Task item =
Find the line with "Casa à venda com 300m², 4 quartos e 6 vagas" in the records below, then please transcribe it and every later line exactly, omitting the pictures and adding nothing.

-- Information provided follows --

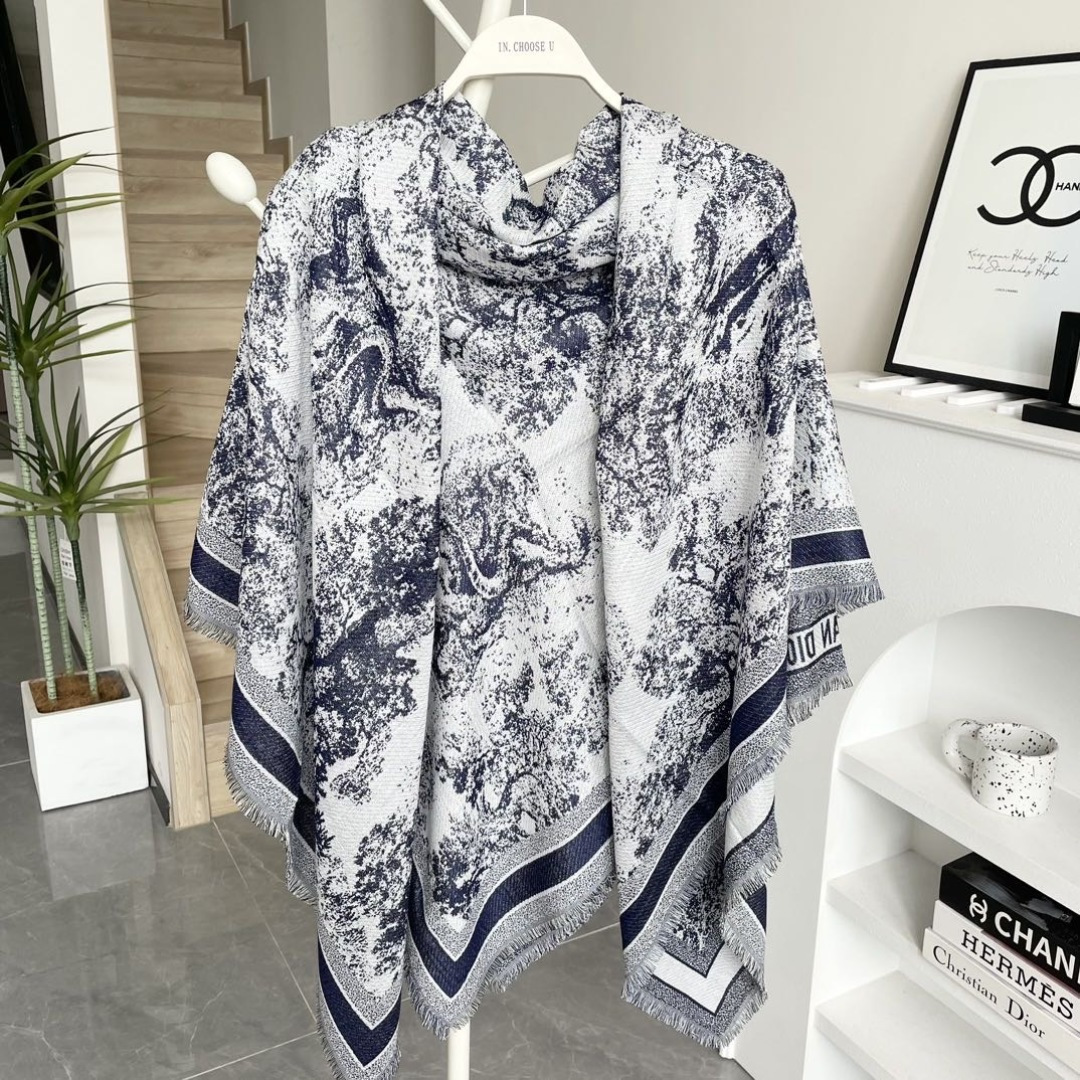 方巾】Dior披肩❤️经典字母👍搭配丝毛混纺的华美质感，与成衣和配饰系列单品搭配相宜。尺寸：140 x 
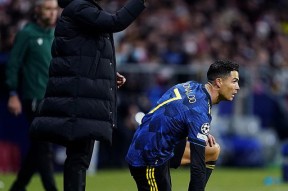 包含C罗赛事官方发布赛事规则更新新规，C9争议不断！的词条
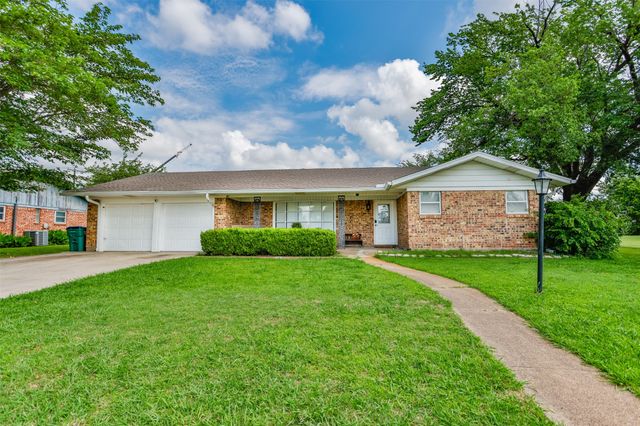 1808 College Street, Gainesville, TX 76240
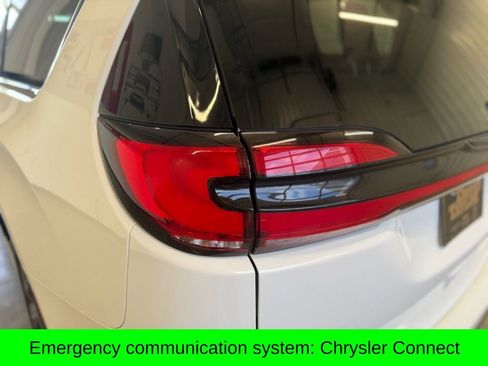 Used 2025 Chrysler Pacifica Limited image 9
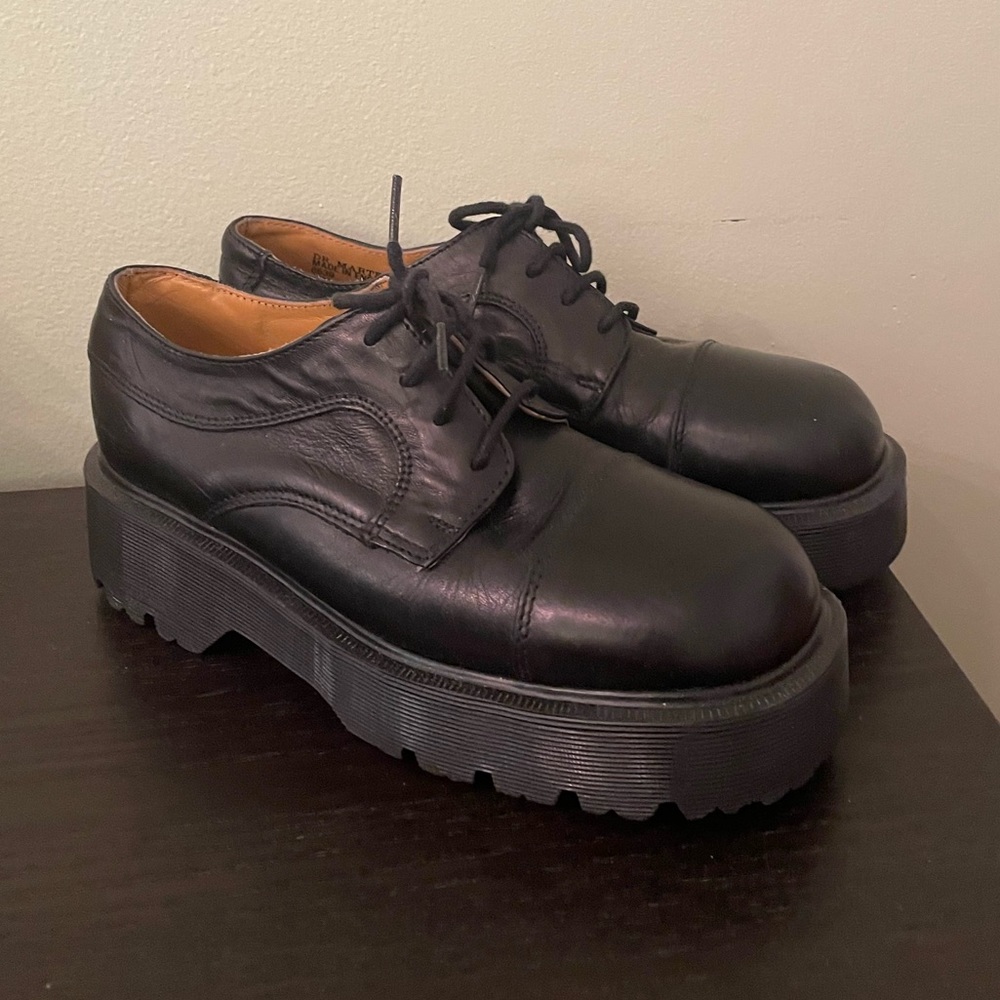 Vintage 90s platform Dr. Martens oxfords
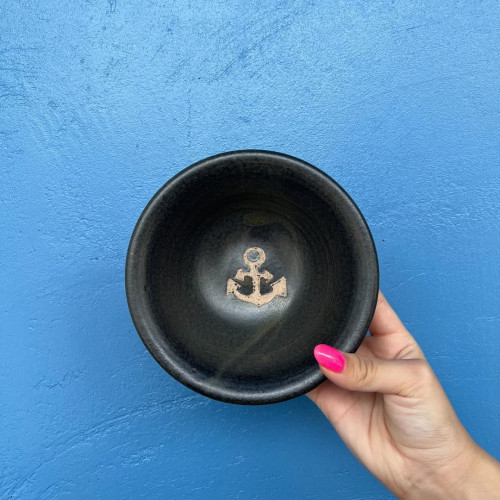 かき氷を食べきると、器の底に可愛い絵柄が・・・イカリの絵柄は2個しかなく、見れたらその日はラッキー☆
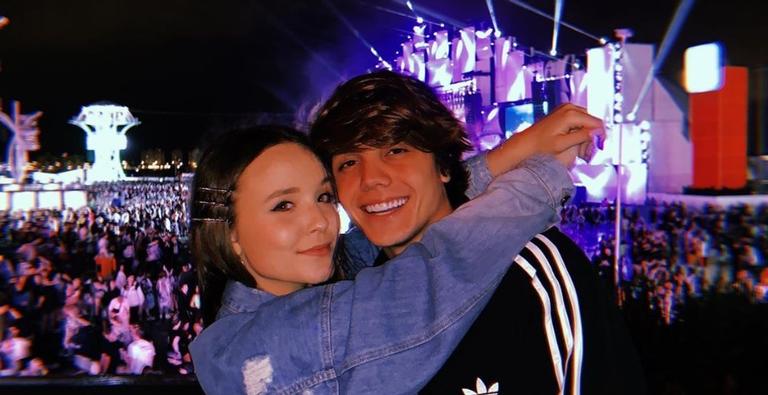 Cercada de celebridades, Larissa Manoela curte terceiro dia de Rock in Rio
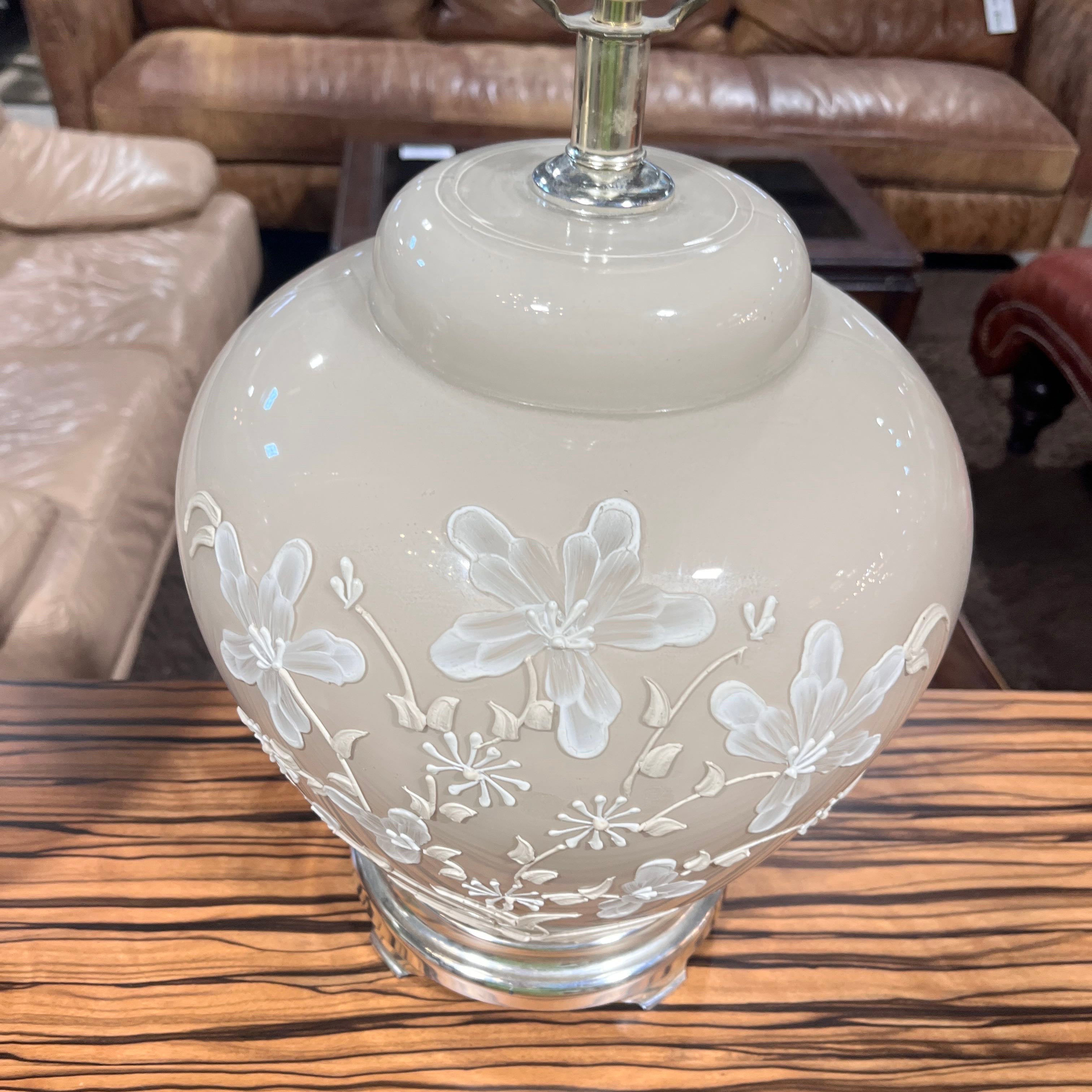 Vintage Cream Glass Applied Flower Table Lamp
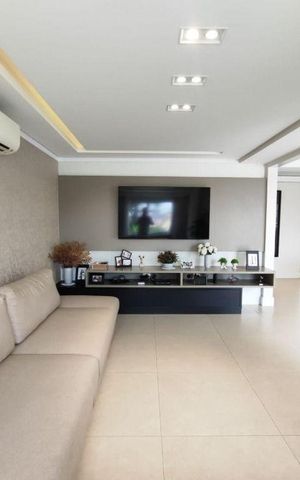 Casa à venda com 300m², 4 quartos e 6 vagas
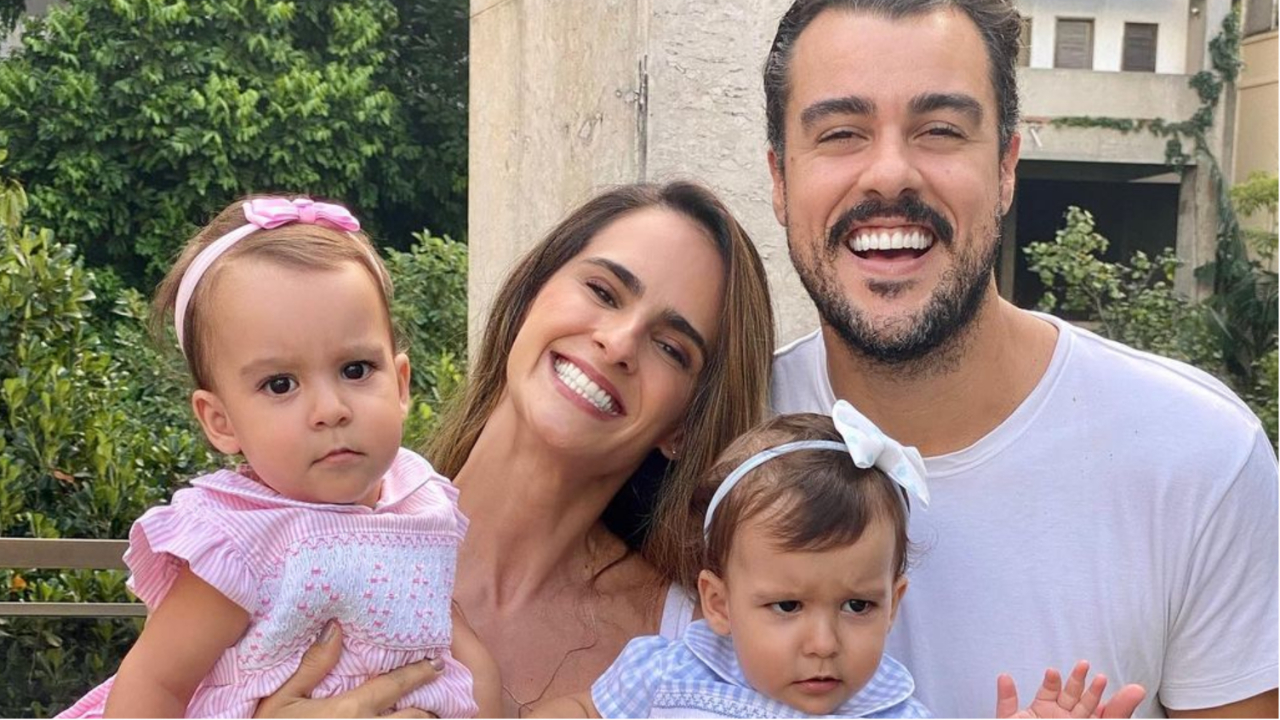 Gêmeas de Marcella Fogaça e Joaquim Lopes surgem beijando espelho: ”Aula de amor-próprio”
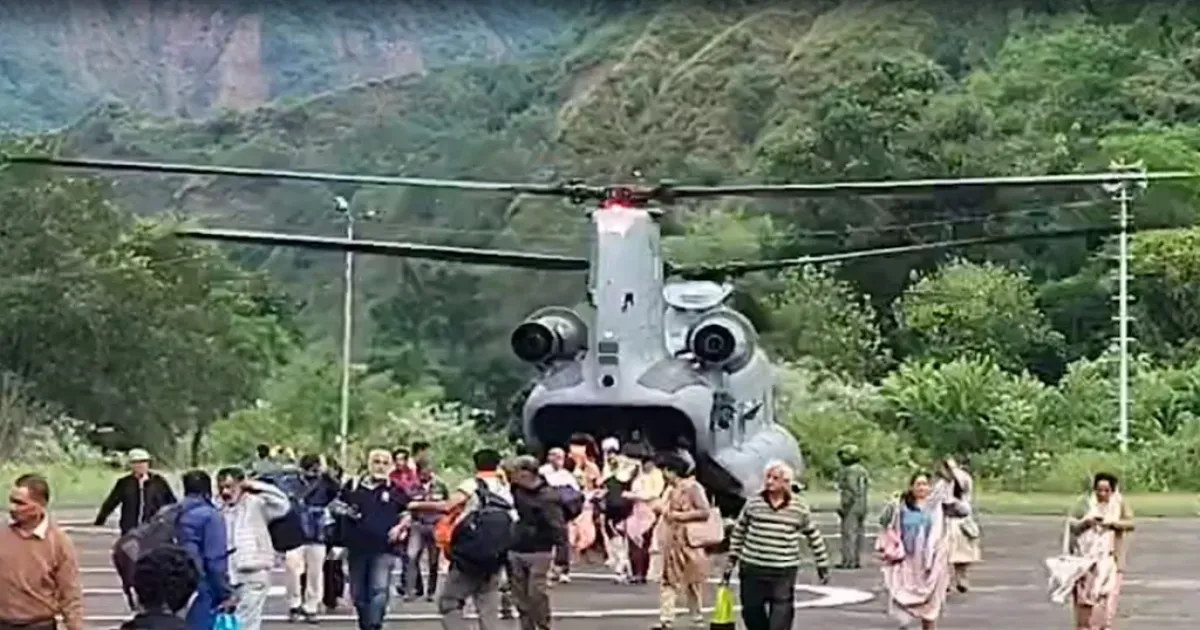 iaf-airlifts-350-manimahesh-pilgrims-himachal-cm-survey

-- Information provided concluded --

The answer =
 Casa à venda com 300m², 4 quartos e 6 vagas
 Gêmeas de Marcella Fogaça e Joaquim Lopes surgem beijando espelho: ”Aula de amor-próprio”
 iaf-airlifts-350-manimahesh-pilgrims-himachal-cm-survey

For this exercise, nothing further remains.